Felt initial delight on checking site stats, at seeing a relatively enormous number of comments had been posted. Most turned out to be spam, which was mildly disappointing, though funnily enough I actually rather enjoyed reading them.

Is it compulsory, I wondered, for spam to be written so badly? Why would someone who is trying to flog a service – in this case, various kinds of web-hosting and SEO – opt for Double Dutch as their language of choice?

It seems a shame that such glorious examples of mediocre English should go to waste, so here are some of the best bits before I consign them to the trash.

“I like this weblog very much, Its a very nice berth to read and obtain information,” said the first spammer.

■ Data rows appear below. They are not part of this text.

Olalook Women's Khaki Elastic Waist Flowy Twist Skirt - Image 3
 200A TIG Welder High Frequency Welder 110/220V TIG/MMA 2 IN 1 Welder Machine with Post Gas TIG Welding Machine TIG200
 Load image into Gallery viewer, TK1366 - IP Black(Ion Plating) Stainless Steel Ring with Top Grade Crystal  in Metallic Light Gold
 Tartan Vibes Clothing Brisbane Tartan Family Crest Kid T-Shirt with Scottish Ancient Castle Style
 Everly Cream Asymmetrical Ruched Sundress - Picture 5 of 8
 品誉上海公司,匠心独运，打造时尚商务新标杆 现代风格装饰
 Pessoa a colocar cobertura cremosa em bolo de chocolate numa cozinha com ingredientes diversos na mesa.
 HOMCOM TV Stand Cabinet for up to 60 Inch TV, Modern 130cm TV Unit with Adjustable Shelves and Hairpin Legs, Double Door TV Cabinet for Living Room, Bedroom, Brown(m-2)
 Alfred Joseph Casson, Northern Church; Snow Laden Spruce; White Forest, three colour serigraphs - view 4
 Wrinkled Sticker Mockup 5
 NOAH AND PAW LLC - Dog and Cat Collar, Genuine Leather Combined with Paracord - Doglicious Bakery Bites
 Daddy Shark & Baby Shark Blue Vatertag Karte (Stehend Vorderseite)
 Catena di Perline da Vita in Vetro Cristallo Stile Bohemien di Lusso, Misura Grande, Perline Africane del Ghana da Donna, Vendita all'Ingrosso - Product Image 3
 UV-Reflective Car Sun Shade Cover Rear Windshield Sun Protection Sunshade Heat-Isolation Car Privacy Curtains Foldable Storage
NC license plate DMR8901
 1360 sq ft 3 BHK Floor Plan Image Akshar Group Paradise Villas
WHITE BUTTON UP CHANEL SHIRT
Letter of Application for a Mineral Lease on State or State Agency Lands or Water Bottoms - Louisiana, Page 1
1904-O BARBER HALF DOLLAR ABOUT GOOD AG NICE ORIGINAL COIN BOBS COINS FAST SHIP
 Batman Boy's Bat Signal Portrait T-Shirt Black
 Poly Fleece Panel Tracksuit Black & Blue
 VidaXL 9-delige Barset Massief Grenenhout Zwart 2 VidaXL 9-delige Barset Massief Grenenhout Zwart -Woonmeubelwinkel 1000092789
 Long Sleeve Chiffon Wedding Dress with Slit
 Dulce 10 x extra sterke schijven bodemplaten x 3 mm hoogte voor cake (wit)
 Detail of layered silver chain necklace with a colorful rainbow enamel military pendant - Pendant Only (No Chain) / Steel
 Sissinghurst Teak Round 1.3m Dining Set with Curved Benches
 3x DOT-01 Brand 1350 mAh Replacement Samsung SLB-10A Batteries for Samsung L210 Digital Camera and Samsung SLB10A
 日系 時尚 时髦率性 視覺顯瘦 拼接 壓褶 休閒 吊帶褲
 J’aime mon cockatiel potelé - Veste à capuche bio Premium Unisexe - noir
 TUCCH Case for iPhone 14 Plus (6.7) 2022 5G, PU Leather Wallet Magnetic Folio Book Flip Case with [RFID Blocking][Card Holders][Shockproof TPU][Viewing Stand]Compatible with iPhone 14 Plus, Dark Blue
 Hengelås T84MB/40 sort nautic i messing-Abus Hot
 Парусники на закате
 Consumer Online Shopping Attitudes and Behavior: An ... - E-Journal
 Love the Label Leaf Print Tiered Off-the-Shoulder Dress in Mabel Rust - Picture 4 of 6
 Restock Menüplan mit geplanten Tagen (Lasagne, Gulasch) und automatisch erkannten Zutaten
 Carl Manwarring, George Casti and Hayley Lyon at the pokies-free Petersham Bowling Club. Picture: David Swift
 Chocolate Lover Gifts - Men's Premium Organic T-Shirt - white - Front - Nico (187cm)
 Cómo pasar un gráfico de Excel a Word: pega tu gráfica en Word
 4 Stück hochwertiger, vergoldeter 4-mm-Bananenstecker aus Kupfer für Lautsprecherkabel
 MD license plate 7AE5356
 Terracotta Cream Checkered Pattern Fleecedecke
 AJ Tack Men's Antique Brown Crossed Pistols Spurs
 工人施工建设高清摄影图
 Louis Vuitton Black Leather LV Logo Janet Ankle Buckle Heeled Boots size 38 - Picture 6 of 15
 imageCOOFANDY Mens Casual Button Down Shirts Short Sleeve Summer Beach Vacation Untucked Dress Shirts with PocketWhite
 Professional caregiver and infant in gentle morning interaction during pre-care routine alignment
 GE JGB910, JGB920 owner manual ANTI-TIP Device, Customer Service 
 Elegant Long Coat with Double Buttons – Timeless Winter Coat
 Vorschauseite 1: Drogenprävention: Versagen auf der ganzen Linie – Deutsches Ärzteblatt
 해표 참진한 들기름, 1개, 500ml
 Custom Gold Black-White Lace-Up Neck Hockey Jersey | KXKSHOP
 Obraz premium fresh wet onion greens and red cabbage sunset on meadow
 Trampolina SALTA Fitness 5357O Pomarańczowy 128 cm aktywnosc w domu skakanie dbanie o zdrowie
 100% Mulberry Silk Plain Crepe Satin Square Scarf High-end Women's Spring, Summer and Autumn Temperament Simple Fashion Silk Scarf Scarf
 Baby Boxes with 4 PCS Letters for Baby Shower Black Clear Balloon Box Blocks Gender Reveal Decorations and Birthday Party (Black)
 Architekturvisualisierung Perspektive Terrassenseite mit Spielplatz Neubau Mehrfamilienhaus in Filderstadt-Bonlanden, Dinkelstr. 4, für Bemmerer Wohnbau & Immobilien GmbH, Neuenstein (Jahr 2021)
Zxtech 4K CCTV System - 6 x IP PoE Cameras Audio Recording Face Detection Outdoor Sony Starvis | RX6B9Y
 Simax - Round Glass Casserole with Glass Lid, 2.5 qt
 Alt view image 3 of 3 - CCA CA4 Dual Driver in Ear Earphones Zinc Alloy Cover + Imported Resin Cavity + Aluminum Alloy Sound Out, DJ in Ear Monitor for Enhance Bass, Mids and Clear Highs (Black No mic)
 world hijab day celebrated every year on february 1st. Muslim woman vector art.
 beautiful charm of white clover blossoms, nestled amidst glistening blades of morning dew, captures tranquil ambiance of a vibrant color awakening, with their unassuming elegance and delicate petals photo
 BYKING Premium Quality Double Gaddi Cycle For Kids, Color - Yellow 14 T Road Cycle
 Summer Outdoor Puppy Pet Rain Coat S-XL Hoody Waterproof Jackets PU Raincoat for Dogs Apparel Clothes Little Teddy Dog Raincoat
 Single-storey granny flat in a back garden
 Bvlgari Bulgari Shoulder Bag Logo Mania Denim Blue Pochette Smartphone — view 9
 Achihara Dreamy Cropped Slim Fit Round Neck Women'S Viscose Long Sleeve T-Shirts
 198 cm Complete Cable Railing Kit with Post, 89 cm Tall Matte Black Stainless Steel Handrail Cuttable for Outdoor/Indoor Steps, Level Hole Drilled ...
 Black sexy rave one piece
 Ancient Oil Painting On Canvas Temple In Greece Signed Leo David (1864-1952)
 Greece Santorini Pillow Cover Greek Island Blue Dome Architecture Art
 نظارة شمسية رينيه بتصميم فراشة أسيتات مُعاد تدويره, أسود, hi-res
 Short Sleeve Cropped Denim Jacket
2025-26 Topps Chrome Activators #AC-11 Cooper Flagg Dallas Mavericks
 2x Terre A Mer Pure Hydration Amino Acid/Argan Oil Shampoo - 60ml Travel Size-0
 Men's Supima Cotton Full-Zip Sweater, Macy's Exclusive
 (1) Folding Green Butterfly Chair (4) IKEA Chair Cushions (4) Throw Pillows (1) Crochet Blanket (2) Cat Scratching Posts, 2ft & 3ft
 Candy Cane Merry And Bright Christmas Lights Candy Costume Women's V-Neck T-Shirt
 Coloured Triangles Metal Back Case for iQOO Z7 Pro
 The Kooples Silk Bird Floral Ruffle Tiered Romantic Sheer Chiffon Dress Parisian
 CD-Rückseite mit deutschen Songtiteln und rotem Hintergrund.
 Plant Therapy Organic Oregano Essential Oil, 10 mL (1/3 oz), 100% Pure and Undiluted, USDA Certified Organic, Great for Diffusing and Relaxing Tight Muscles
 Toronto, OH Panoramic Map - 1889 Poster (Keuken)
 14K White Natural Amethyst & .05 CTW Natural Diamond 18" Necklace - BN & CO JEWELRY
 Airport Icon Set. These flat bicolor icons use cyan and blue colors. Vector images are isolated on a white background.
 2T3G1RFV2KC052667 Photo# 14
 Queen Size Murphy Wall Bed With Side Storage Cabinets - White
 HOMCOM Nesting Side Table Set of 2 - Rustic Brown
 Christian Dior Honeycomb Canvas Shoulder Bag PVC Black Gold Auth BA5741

Aw, that’s nice, thanks! First time I’ve ever been told I have a nice berth – whatever that is.

Another spammer wrote: “I don’t unremarkably comment but I gotta admit appreciate it for the post on this special one”.

Glad to hear I am appreciated, if only “unremarkably”.

Winning the award for Most Incomprehensible Mangling of the English Language is this contender:  “Thanks for spending some time to talk about this approach, I think honestly with it and then cherish reading through more to do with this subject. However, if opportunity, any time you realize know-how, everything that thought processes updating your primary net equipped with in addition details? This is useful for me.” Sic.

This latter one is so bad it’s probably the result of free online translation software. It reminded me of the results when, bored one night, I got the internet to translate Keats’ “Ode to a Nightingale” into French, and then back, then back into French, then back to English again. With each translation it became less and less coherent, and more and more funny. I might try it again sometime and post the results here.